### Available data
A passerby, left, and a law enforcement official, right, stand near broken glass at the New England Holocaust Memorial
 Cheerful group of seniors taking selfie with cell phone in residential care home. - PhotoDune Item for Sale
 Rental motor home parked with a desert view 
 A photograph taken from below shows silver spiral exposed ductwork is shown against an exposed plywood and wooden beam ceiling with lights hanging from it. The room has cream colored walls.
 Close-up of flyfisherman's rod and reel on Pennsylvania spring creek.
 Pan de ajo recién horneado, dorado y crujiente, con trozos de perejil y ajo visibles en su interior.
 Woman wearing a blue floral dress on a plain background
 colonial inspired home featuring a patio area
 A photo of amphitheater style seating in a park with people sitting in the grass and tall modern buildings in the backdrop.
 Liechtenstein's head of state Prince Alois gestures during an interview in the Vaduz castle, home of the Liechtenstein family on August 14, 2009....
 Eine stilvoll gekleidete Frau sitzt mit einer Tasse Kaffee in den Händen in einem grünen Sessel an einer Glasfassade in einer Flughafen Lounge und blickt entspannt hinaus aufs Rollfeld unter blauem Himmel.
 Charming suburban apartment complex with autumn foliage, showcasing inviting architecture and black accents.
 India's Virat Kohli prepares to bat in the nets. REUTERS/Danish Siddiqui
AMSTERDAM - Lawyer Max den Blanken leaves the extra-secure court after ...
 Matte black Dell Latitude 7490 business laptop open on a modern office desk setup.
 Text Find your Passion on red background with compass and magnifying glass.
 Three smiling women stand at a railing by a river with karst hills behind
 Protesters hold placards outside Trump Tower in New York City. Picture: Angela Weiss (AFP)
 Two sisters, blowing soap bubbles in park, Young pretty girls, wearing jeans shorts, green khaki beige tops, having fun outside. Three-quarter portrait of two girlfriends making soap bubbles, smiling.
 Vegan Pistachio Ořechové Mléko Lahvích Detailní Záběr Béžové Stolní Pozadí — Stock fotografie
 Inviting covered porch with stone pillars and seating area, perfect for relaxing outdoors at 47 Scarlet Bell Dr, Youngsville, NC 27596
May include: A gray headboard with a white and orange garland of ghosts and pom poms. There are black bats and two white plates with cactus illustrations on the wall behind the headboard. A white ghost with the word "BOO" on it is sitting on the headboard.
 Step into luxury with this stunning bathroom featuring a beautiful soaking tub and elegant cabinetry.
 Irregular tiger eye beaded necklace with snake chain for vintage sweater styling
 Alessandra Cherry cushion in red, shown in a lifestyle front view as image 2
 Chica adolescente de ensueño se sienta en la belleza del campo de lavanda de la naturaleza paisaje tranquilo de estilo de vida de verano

### Task brief
Lines holding the string "wearing" are the answer; copy each one from the listing above.

### Response to the task
 Woman wearing a blue floral dress on a plain background
 Two sisters, blowing soap bubbles in park, Young pretty girls, wearing jeans shorts, green khaki beige tops, having fun outside. Three-quarter portrait of two girlfriends making soap bubbles, smiling.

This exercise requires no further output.